Nous avons été la première ONG à pouvoir entrer en territoire indigène. En 2020, nous avons fait une expédition dans l’État de Rondônia sur les rivières Guaporé et Mamoré, avec un bateau-hôpital, pour venir en aide aux peuples isolés d’Amazonie. Dans cette région, on compte près de 10 000 indigènes. Parmi ceux que nous avons pu tester, 80% étaient contaminés. C’est là que j’ai été contaminé par le Covid-19 pour la première fois. Pourtant, seulement deux personnes sont mortes. Selon eux, c’est grâce aux effets d’un thé à base de racines qu’ils prenaient, confectionné par les médecins traditionnels de la région. S’il y a eu un impact positif de cette pandémie, c’est d’avoir redonné de l’importance à ces savoirs ancestraux.

Quel est l’état de santé général des indigènes dans ces régions isolées, comme le parc du Xingu ?

Ils manquent de tout. Dans ces régions, le secrétariat spécial à la santé indigène (SESAI), a implanté depuis 1999 des « districts » de santé, censés fournir des soins de « base » à ces populations. Leur champ d’action est très rudimentaire : c’est surtout de la prévention, de l’orientation et quelques examens très basiques. Dans 90% des cas, les indigènes devraient se déplacer en ville, parce que les équipements nécessaires n’arrivent pas jusqu’ici. Mais la difficulté principale, c’est justement le déplacement. Dans le Xingu, pour pouvoir faire des opérations dites de « moyenne et haute complexité », ou des examens approfondis, il faut faire douze heures de route en moyenne, avec des moyens de transport très précaires. Il faut ensuite pouvoir se nourrir et se loger en ville, c’est très compliqué.

Pourtant, les équipements, qui pesaient autrefois des tonnes sont aujourd’hui disponibles en formats réduits. Ils pèsent entre 20 et 30 kilos. Notre ONG parvient à amener ces technologies de pointe dans ces territoires lors de nos missions. On aimerait montrer aux pouvoirs publics que cette situation doit changer, des investissements doivent être faits.

Comment expliquer ces lacunes ?

Ces populations indigènes sont mises de côté depuis très longtemps, elles sont extrêmement abandonnées par les pouvoirs publics.

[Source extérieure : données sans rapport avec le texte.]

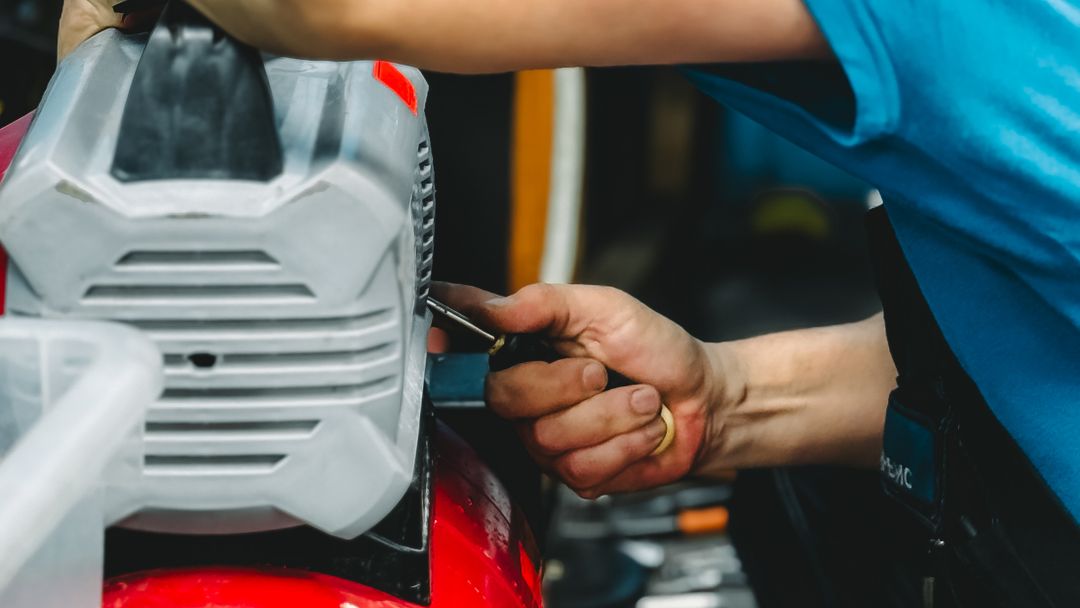 A technician servicing a compressor unit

Il y a d’abord une mauvaise gestion. Pourquoi est-ce que l’argent des déplacements que doivent faire ces indigènes pour accéder à des services en ville n’est pas investi dans des équipements de bonne qualité sur place, des professionnels de santé qualifiés et payés dignement ? Pourquoi l’État ne fait pas ce travail ? Je pense que la réponse est politique.

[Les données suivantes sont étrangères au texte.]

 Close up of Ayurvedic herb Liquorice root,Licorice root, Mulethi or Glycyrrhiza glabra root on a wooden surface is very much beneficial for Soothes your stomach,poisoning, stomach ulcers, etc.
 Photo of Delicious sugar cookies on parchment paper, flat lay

Les gestionnaires de ces institutions ne sont pas des professionnels de santé et ne comprennent pas la responsabilité de la santé. Au Brésil, les indigènes n’ont jamais été une priorité pour personne car ils sont trop peu pour élire qui que ce soit. On parle de 850 000 indigènes pour 210 millions de Brésiliens : pour les politiciens, ils ne méritent pas les investissements nécessaires. Lors de nos actions, pour ce que nous ne pouvons pas résoudre, nous sommes obligés de leur prescrire des ordonnances, mais ça ne sert à rien. Nous devons créer des solutions durables pour ces régions.